Deploy Elixir on Your Own Server
Deploy Elixir and Phoenix applications as compiled releases with automatic HTTPS and managed PostgreSQL. A custom Dockerfile is recommended for Phoenix to produce a small, self-contained release.
Quickstart
From your project root, deploy with your preferred package manager:
npx @temps-sdk/cli up
Temps supports Elixir via Nixpacks (select the nixpacks-elixir preset in project settings). For Phoenix, add the Dockerfile below for full control over the release build.
What Temps Handles Automatically
| Feature | How Temps handles it |
|---|---|
| Detection | mix.exs (Nixpacks nixpacks-elixir preset) |
| Build | mix release for Phoenix via Dockerfile |
| HTTPS | Let's Encrypt certificate, auto-renewed |
| Port | PORT env var injected |
| Health checks | HTTP health check on / |
| Zero-downtime deploys | New container starts before old one stops |
Phoenix Dockerfile
A multi-stage Dockerfile that compiles a Phoenix release and runs it on a minimal Alpine base:
Dockerfile (Phoenix)
FROM elixir:1.17-alpine AS build
RUN apk add --no-cache build-base git
WORKDIR /app
ENV MIX_ENV=prod
COPY mix.exs mix.lock ./
RUN mix deps.get --only prod && mix deps.compile
COPY lib ./lib
COPY priv ./priv
COPY config ./config
RUN mix compile && mix release
FROM alpine:3.20
RUN apk add --no-cache libstdc++ openssl ncurses-libs
WORKDIR /app
COPY --from=build /app/_build/prod/rel/my_app ./
ENV PORT=4000
EXPOSE 4000
CMD ["bin/my_app", "start"]
Make sure your Phoenix endpoint reads the port from the environment:
config/runtime.exs
config :my_app, MyAppWeb.Endpoint,
url: [host: System.get_env("APP_HOST") || "localhost"],
http: [ip: {0, 0, 0, 0}, port: String.to_integer(System.get_env("PORT") || "4000")]

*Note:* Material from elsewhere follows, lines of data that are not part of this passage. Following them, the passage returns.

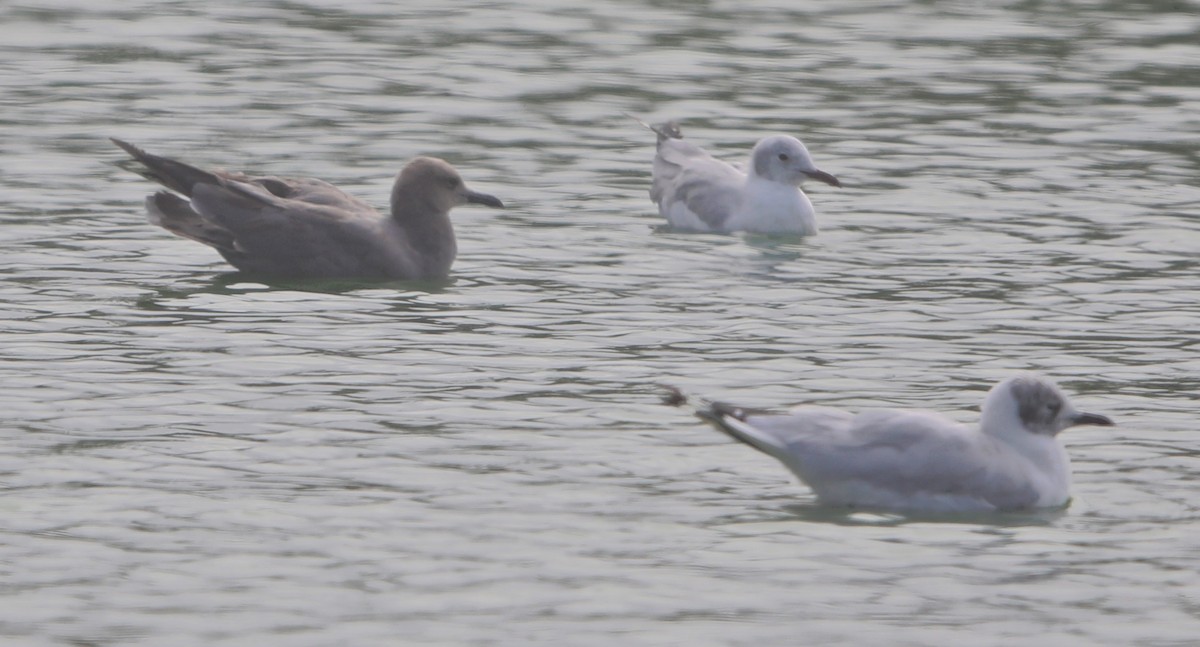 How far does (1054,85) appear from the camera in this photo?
21.1 metres

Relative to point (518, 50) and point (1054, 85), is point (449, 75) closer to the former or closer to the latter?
point (518, 50)

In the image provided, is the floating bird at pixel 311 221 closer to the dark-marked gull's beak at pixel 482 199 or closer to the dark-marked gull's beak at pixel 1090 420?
the dark-marked gull's beak at pixel 482 199

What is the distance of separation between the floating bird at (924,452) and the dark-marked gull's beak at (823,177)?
6.43 m

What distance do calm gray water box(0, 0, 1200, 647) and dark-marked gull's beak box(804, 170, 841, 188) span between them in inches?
20.3

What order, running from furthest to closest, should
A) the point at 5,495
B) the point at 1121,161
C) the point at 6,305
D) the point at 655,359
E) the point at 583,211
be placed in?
the point at 1121,161 → the point at 583,211 → the point at 6,305 → the point at 655,359 → the point at 5,495

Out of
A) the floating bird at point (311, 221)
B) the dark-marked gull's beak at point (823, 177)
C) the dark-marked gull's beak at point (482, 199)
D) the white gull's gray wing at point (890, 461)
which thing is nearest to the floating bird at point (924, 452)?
the white gull's gray wing at point (890, 461)

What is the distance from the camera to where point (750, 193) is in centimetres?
1662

A Dockerfile in your repository root always takes priority over auto-detection. See the Custom Dockerfile guide for build caching and more.
Platform behavior
These rules apply to every app deployed on Temps, regardless of framework.
The one requirement: your app must listen on the port in the PORT environment variable and bind to 0.0.0.0 — not localhost or 127.0.0.1. Temps runs your app in a container and routes traffic from the host, so an app bound to localhost only accepts connections from inside the container and will fail its health check.
Health checks
After your container starts, Temps sends HTTP GET requests to verify it is healthy before routing traffic to it.
- Path:
/(the root of your application) - Success: 2 consecutive responses with a 2xx or 3xx status code
- Timeout: 300 seconds (5 minutes) for the app to become healthy
- Retry interval: every 5 seconds
Connection errors while the app is still starting are retried without penalty. If the app returns 4xx or 5xx errors for 60 consecutive seconds, the deployment fails. Customize the check by adding a .temps.yaml to your repository root:
health:
path: /health
status: 200
interval: 30
timeout: 5
retries: 3/health endpoint that returns a simple 200. This avoids issues where / requires authentication or returns a redirect.Auto-injected environment variables
Temps injects these variables into every deployment automatically:
| Variable | Value | Description |
|---|---|---|
PORT | Resolved port | The port your app must listen on |
HOST | 0.0.0.0 | Bind address |
SENTRY_DSN | Auto-generated | Error tracking endpoint |
TEMPS_API_URL | Your Temps URL | Platform API endpoint |
TEMPS_API_TOKEN | Deployment token | Authentication for Temps SDKs |
OTEL_EXPORTER_OTLP_ENDPOINT | Your Temps OTLP URL | OpenTelemetry trace collection |
OTEL_SERVICE_NAME | Project name | Service identifier for traces |
You do not need to configure these manually. They are available in process.env (Node.js), os.environ (Python), os.Getenv (Go), and the equivalent in other languages.